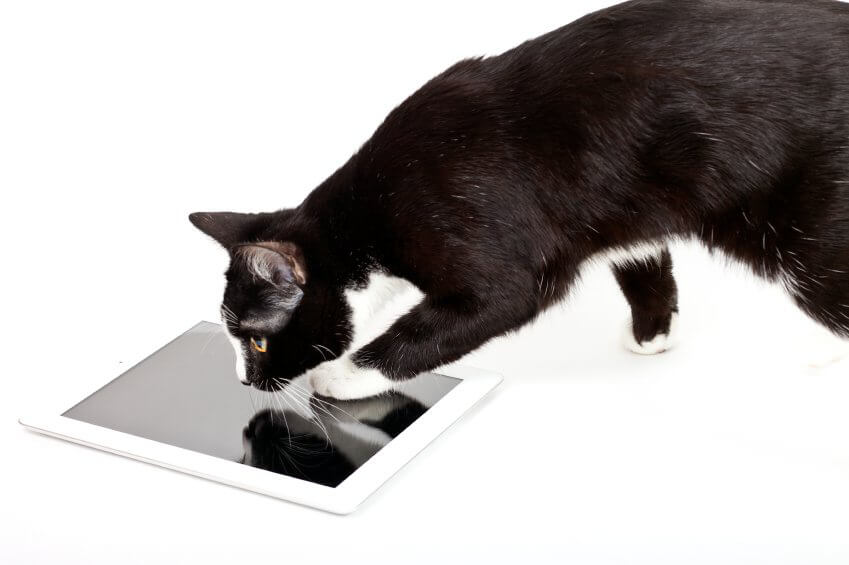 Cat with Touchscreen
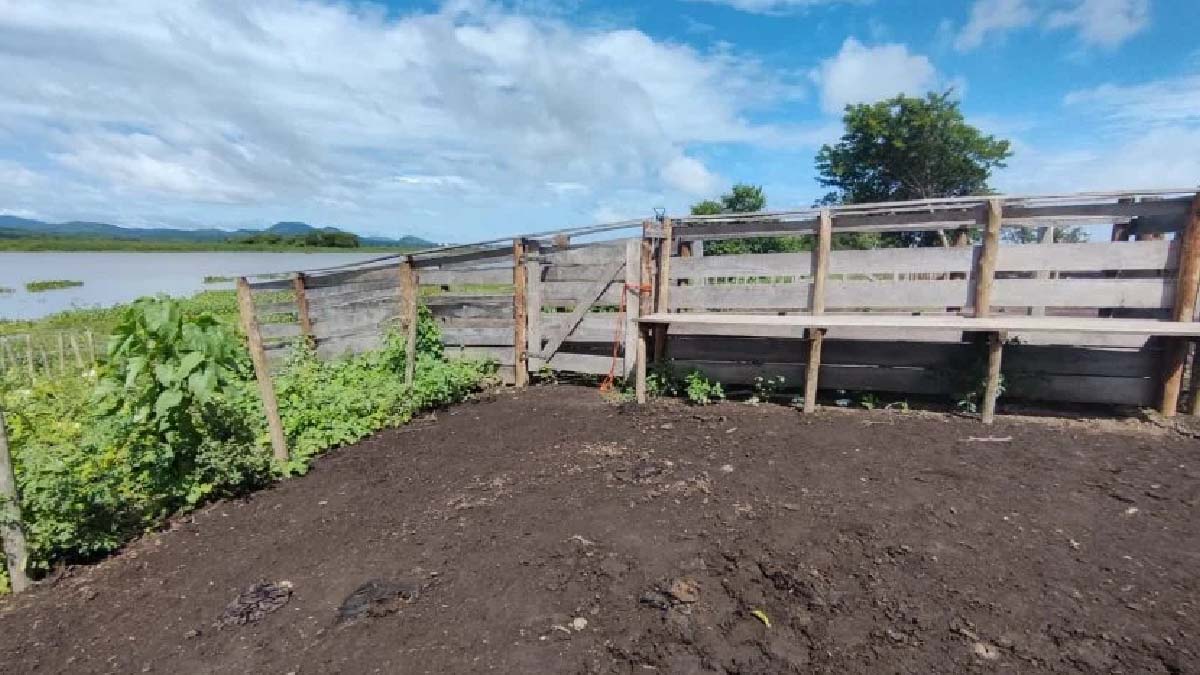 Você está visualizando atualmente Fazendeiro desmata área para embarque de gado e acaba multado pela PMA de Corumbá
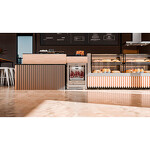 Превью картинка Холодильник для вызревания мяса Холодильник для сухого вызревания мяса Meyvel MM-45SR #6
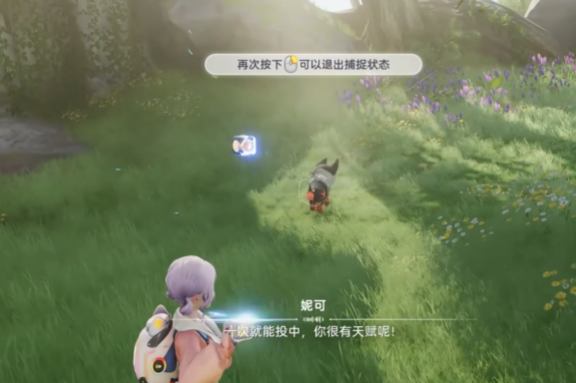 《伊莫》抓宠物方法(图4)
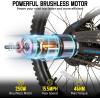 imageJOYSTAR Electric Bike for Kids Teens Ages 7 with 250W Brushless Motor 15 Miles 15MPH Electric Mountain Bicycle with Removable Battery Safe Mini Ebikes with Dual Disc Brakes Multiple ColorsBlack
· · ·
**What is expected:**
Could you give the material above again, exactly and without its pictures?

**Written response:**
 Cat with Touchscreen
 Você está visualizando atualmente Fazendeiro desmata área para embarque de gado e acaba multado pela PMA de Corumbá
 Превью картинка Холодильник для вызревания мяса Холодильник для сухого вызревания мяса Meyvel MM-45SR #6
 《伊莫》抓宠物方法(图4)
 imageJOYSTAR Electric Bike for Kids Teens Ages 7 with 250W Brushless Motor 15 Miles 15MPH Electric Mountain Bicycle with Removable Battery Safe Mini Ebikes with Dual Disc Brakes Multiple ColorsBlack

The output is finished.